Caption-style text data
+---+
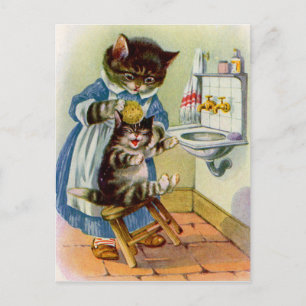 Cartão Postal Kitty cat mama dos anos 30 lava seu gatinho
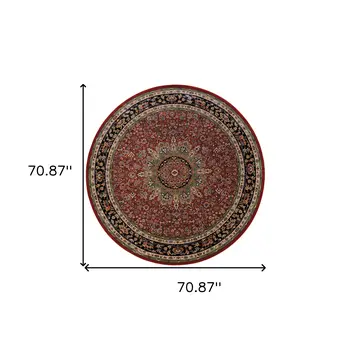 6' Red And Blue Oriental Round Rug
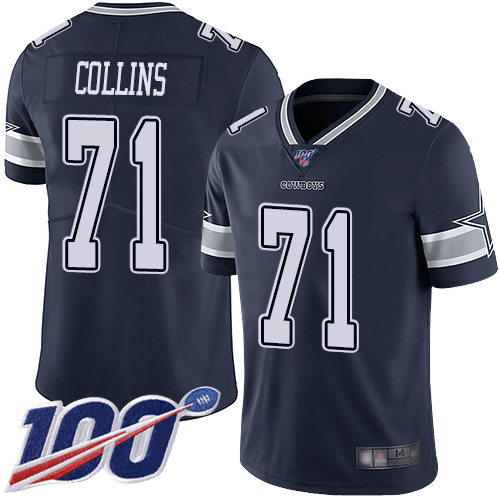 Men Dallas Cowboys Limited Navy Blue La el Collins Home #71 100th Season Vapor Untouchable NFL Jersey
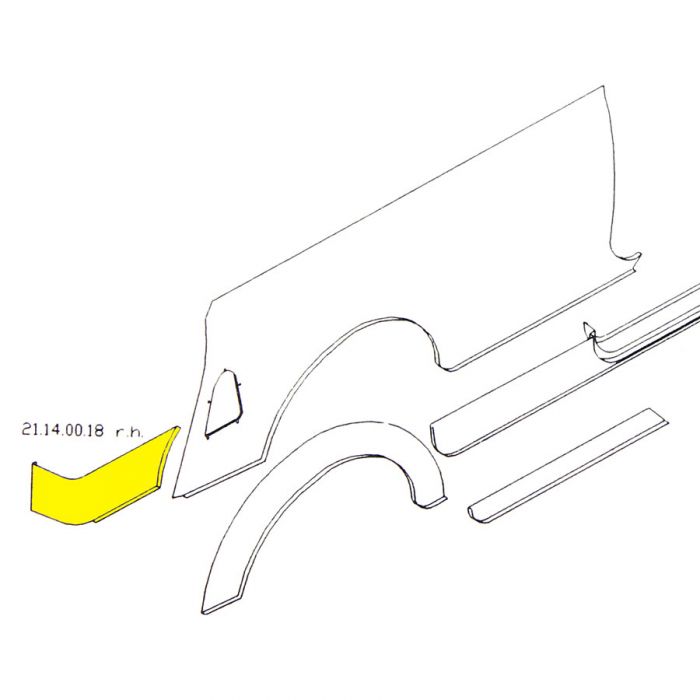 MCR21.14.00.18 RH Rear Lower Corner Repair Mini Van/Traveller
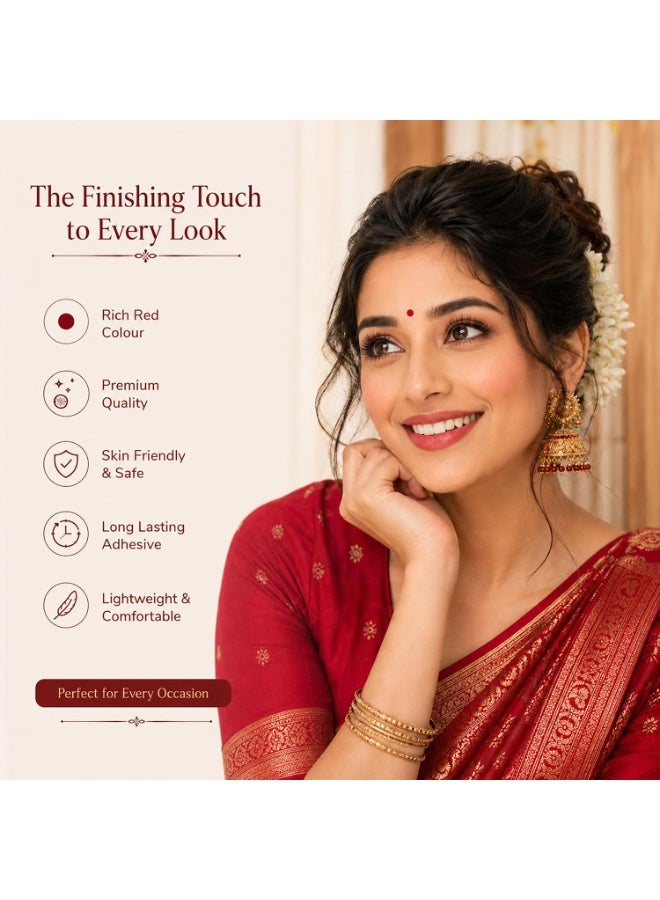Parul Garg Beauty Suhaag Red Bindi Patta | Self Adhesive Mini Bindi Set for Women | Bridal & Festive Stone Bindis for Wedding, Festival & Bridal Wear - Image 2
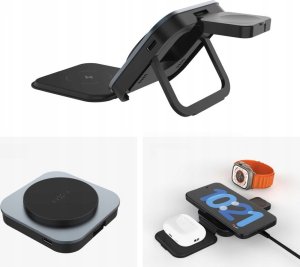 Podstawka Fixed Fixed | MagFlex Alu Foldable magnetic wireless charging stand 3in1 | FIXMFLE-AL-GR 7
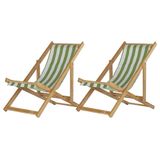 Kit 2 Cadeira Espreguiçadeira Dobrável S-b-l Verde-branco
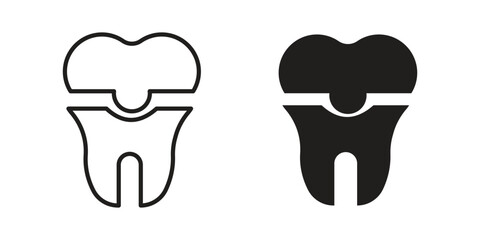 Molar crown icon concept outline symbol design. Simple element illustration.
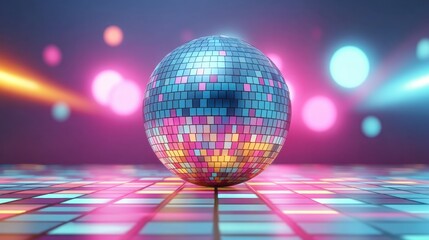 Obraz premium Colorful Disco Ball Reflecting Light in a Vibrant Dance Floor Scene with Glossy Tiles and Soft Focus Background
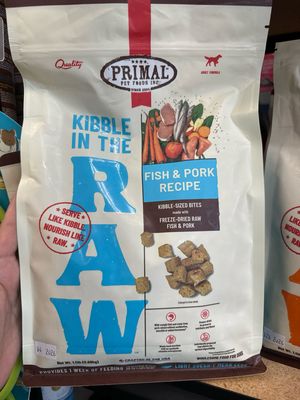 Primal Dog Kibble in The Raw Freeze Dried Fish &amp; Pork 1.5#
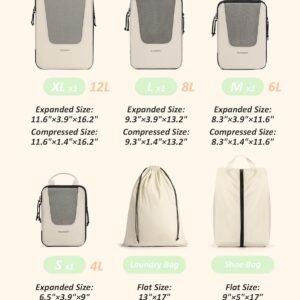 BAGSMART Compression Packing Cubes for Travel, 6 Set/4 Set Packing Cubes for Suitcases, Compression Suitcase Organizer Bags Set for Travel Essentials, Lightweight Packing Organizers
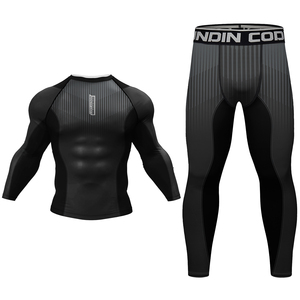 Ropa deportiva con estampado de sublimación de fábrica propia para hombre MMA BJJ Jiu-Jitsu Figting Rash Guard Sets con ropa de compresión antibolitas - Product Image 6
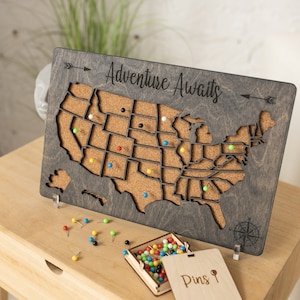 Anstecknadel USA Karte Reisekarte Für Paare Geschenk, hölzerne Karte der USA einjähriges Jubiläumsgeschenk, personalisierte Korktafel Karte mit Pins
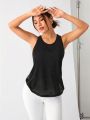 Yoga Basic Mesh Patchwork Curved Hem Sports Tank Top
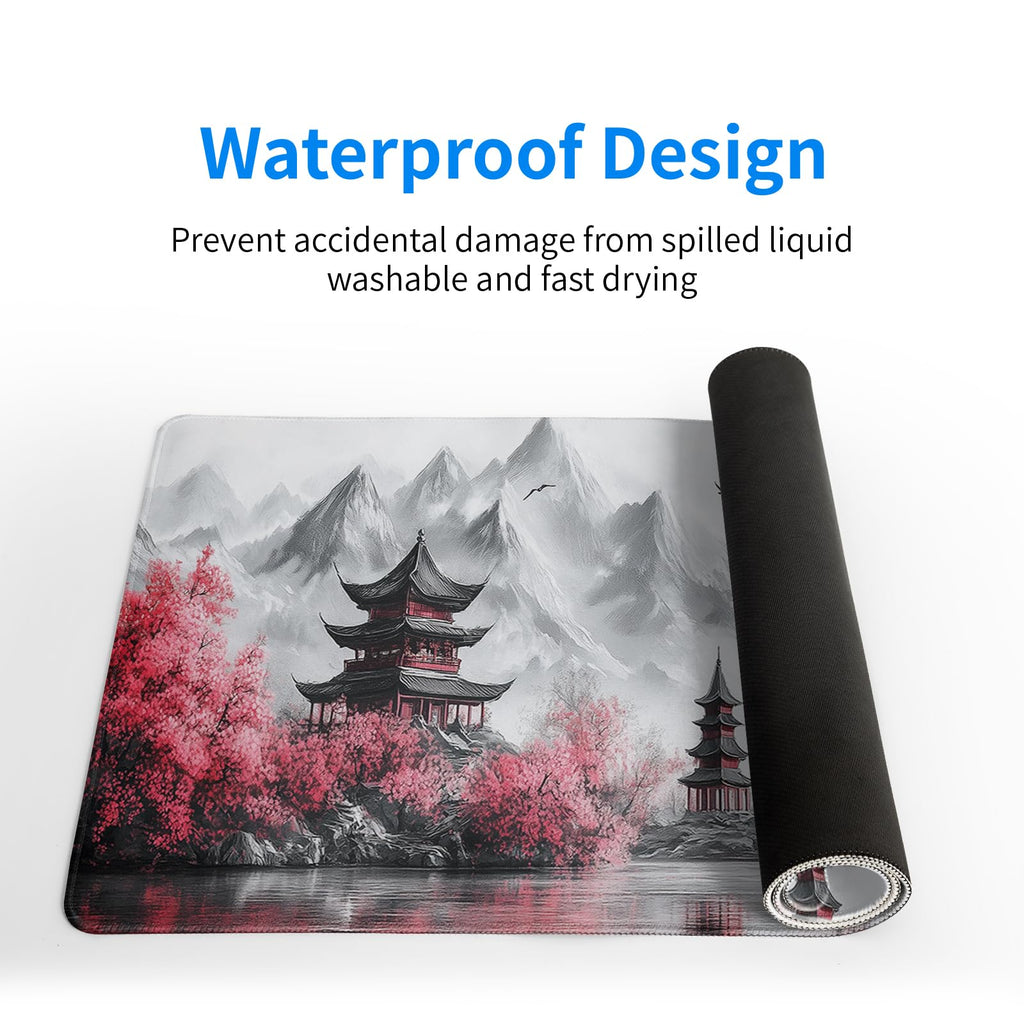 White Ukiyo-e Style Sports Car Large Gaming Mouse Pad Desktop Mat 31.5x11.8 Inch - Non-Slip Rubber Base - for Gamers - Perfect for Gamers & PC Enthusiasts - Flex Gamingproduct_type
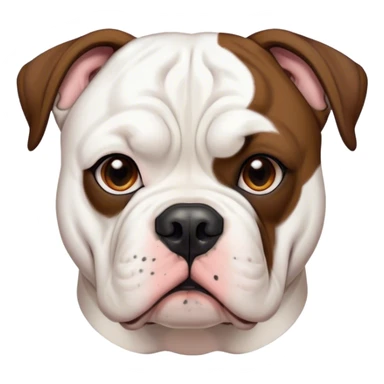 Cinematic Noble Black and White American Bulldog Portrait Emoji, Poised and regal, with a strong, muscular build and a striking black and white coat, deep-set soulful brown eyes, Simplified yet sharp and sophisticated features, highly detailed, glowing with a soft, dignified glow, high shine, intelligent and loyal, stylized with an air of strength, focused and attentive, soft glowing outline, capturing the essence of a watchful and confident guardian, so majestic it feels as though it could step out of the screen with effortless authority! sticker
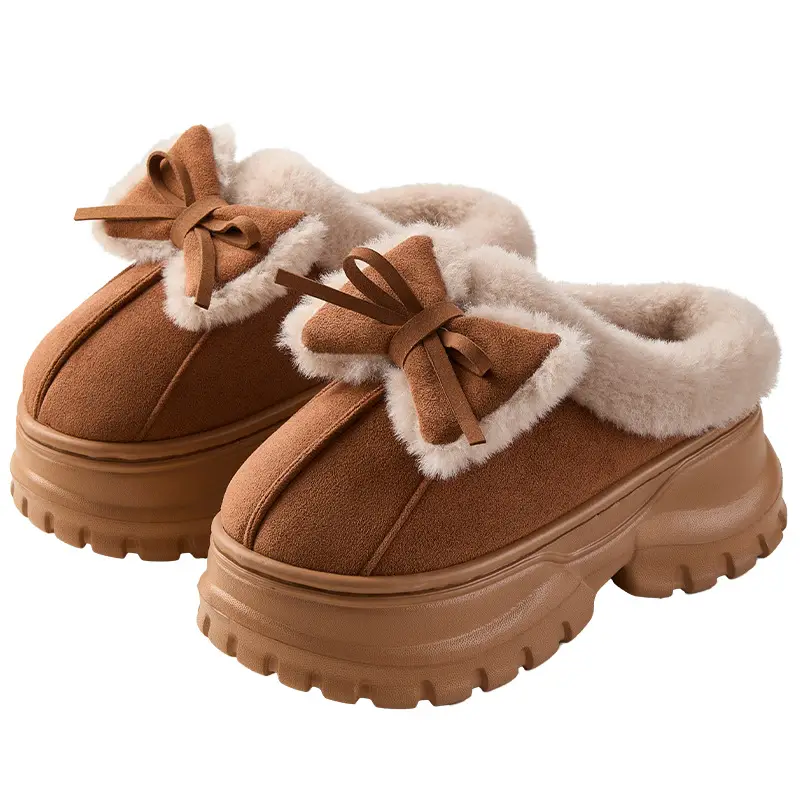 Nanbowan New Bow Cotton Slippers for Women in Autumn and Winter Outer Wear Thick-Soled Heightening Non-Slip Warm Trendyy Versatile Slippers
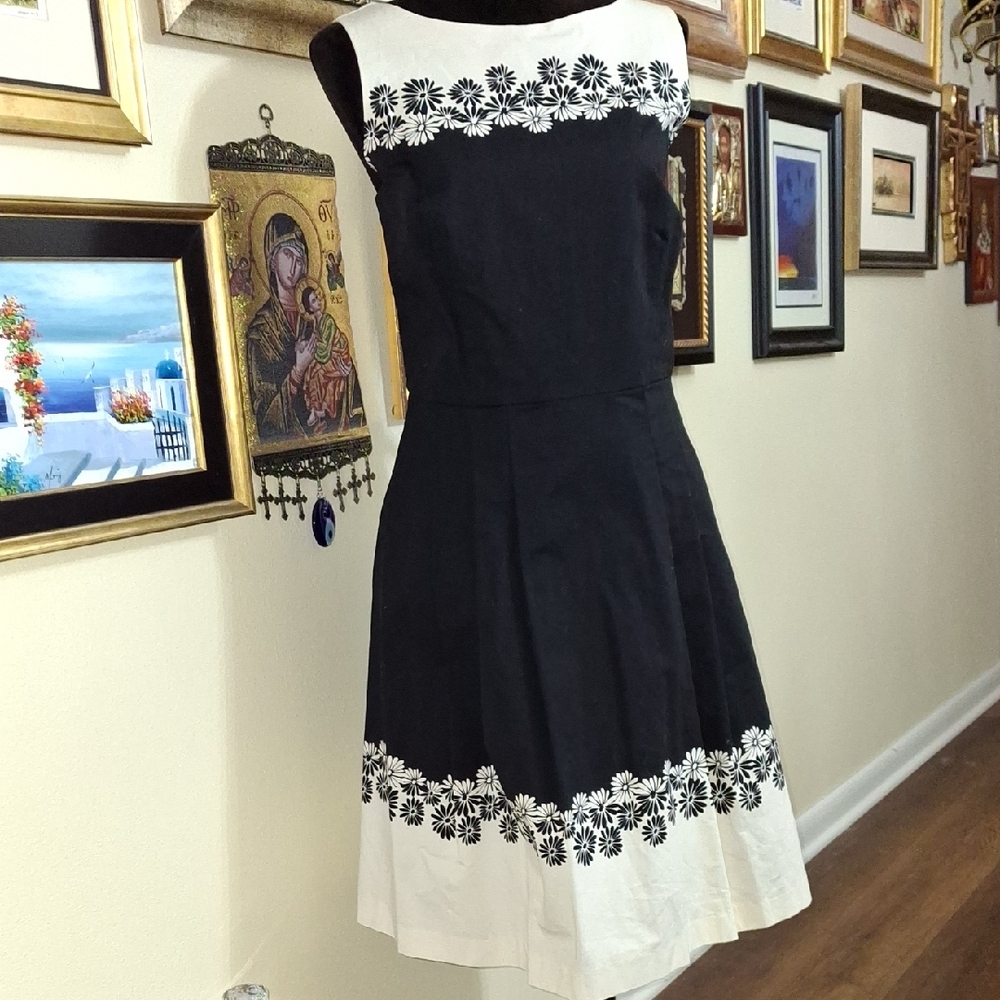 Talbots Black and White Floral Midi Dress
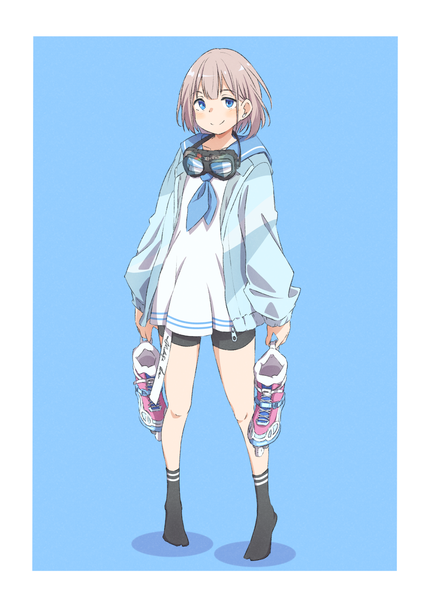 Anime picture 1066x1491 with idolmaster idolmaster shiny colors serizawa asahi eito12 single tall image looking at viewer short hair blue eyes simple background blonde hair smile holding full body border blue background shoes removed goggles around neck girl socks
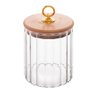 Pote Porta Mantimentos de Vidro Canelado C/tampa de Bambu e Puxador de Metal Classic 550ml Wolff - 1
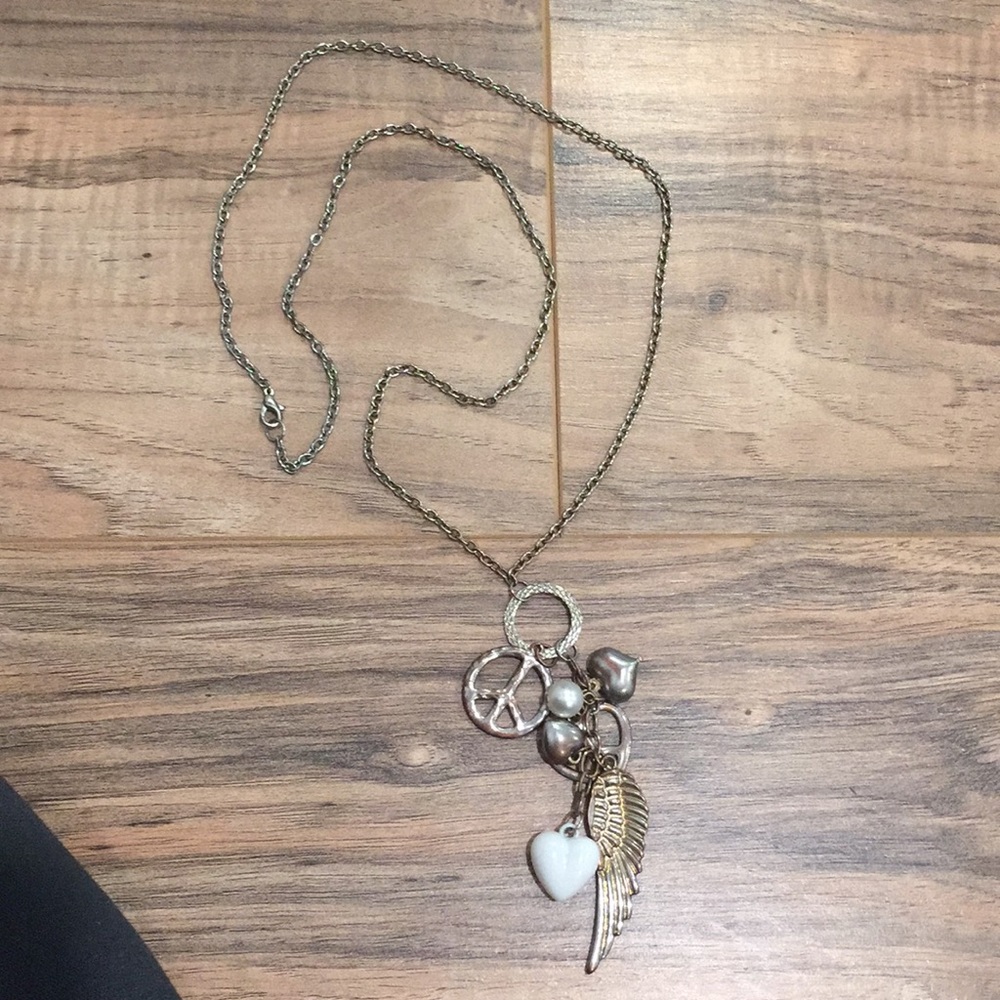 Long necklace with peace, love, freedom bundle.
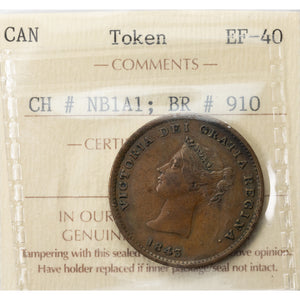 SOLD Canada New Brunswick 1843 Halfpenny Token CH #NB-1A1 - ICCS EF-40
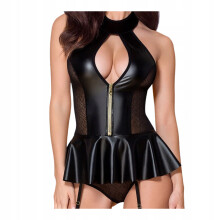Abito in lattice nero, mini slip, reggicalze, lingerie erotica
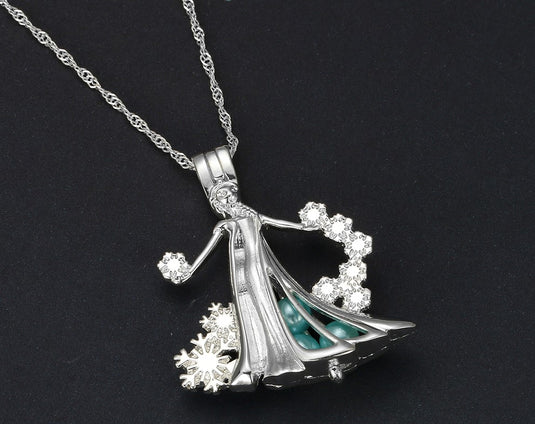 Princess Elsa in her beautiful blue beaded dress Pendant for your little Elsa
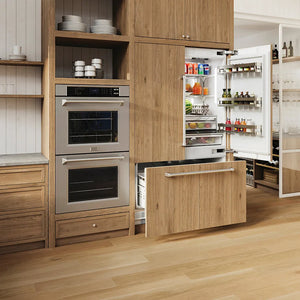 Custom kitchen with wooden cabinets, ZLINE 30 in. Professional True Convection Double Wall Oven with Air Fry and Self Clean in Stainless Steel (WAD-30), and open refrigerator.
+---+
**Task goal:** A faithful copy of all the records is required, with the pictures left out.

**Problem solution:**
 Cartão Postal Kitty cat mama dos anos 30 lava seu gatinho
 6' Red And Blue Oriental Round Rug
 Men Dallas Cowboys Limited Navy Blue La el Collins Home #71 100th Season Vapor Untouchable NFL Jersey
 MCR21.14.00.18 RH Rear Lower Corner Repair Mini Van/Traveller
Parul Garg Beauty Suhaag Red Bindi Patta | Self Adhesive Mini Bindi Set for Women | Bridal & Festive Stone Bindis for Wedding, Festival & Bridal Wear - Image 2
 Podstawka Fixed Fixed | MagFlex Alu Foldable magnetic wireless charging stand 3in1 | FIXMFLE-AL-GR 7
 Kit 2 Cadeira Espreguiçadeira Dobrável S-b-l Verde-branco
 Molar crown icon concept outline symbol design. Simple element illustration.
 Obraz premium Colorful Disco Ball Reflecting Light in a Vibrant Dance Floor Scene with Glossy Tiles and Soft Focus Background
 Primal Dog Kibble in The Raw Freeze Dried Fish &amp; Pork 1.5#
 BAGSMART Compression Packing Cubes for Travel, 6 Set/4 Set Packing Cubes for Suitcases, Compression Suitcase Organizer Bags Set for Travel Essentials, Lightweight Packing Organizers
 Ropa deportiva con estampado de sublimación de fábrica propia para hombre MMA BJJ Jiu-Jitsu Figting Rash Guard Sets con ropa de compresión antibolitas - Product Image 6
 Anstecknadel USA Karte Reisekarte Für Paare Geschenk, hölzerne Karte der USA einjähriges Jubiläumsgeschenk, personalisierte Korktafel Karte mit Pins
 Yoga Basic Mesh Patchwork Curved Hem Sports Tank Top
 White Ukiyo-e Style Sports Car Large Gaming Mouse Pad Desktop Mat 31.5x11.8 Inch - Non-Slip Rubber Base - for Gamers - Perfect for Gamers & PC Enthusiasts - Flex Gamingproduct_type
 Cinematic Noble Black and White American Bulldog Portrait Emoji, Poised and regal, with a strong, muscular build and a striking black and white coat, deep-set soulful brown eyes, Simplified yet sharp and sophisticated features, highly detailed, glowing with a soft, dignified glow, high shine, intelligent and loyal, stylized with an air of strength, focused and attentive, soft glowing outline, capturing the essence of a watchful and confident guardian, so majestic it feels as though it could step out of the screen with effortless authority! sticker
 Nanbowan New Bow Cotton Slippers for Women in Autumn and Winter Outer Wear Thick-Soled Heightening Non-Slip Warm Trendyy Versatile Slippers
 Talbots Black and White Floral Midi Dress
 Anime picture 1066x1491 with idolmaster idolmaster shiny colors serizawa asahi eito12 single tall image looking at viewer short hair blue eyes simple background blonde hair smile holding full body border blue background shoes removed goggles around neck girl socks
 Pote Porta Mantimentos de Vidro Canelado C/tampa de Bambu e Puxador de Metal Classic 550ml Wolff - 1
 Long necklace with peace, love, freedom bundle.
 SOLD Canada New Brunswick 1843 Halfpenny Token CH #NB-1A1 - ICCS EF-40
Abito in lattice nero, mini slip, reggicalze, lingerie erotica
 Princess Elsa in her beautiful blue beaded dress Pendant for your little Elsa
 Custom kitchen with wooden cabinets, ZLINE 30 in. Professional True Convection Double Wall Oven with Air Fry and Self Clean in Stainless Steel (WAD-30), and open refrigerator.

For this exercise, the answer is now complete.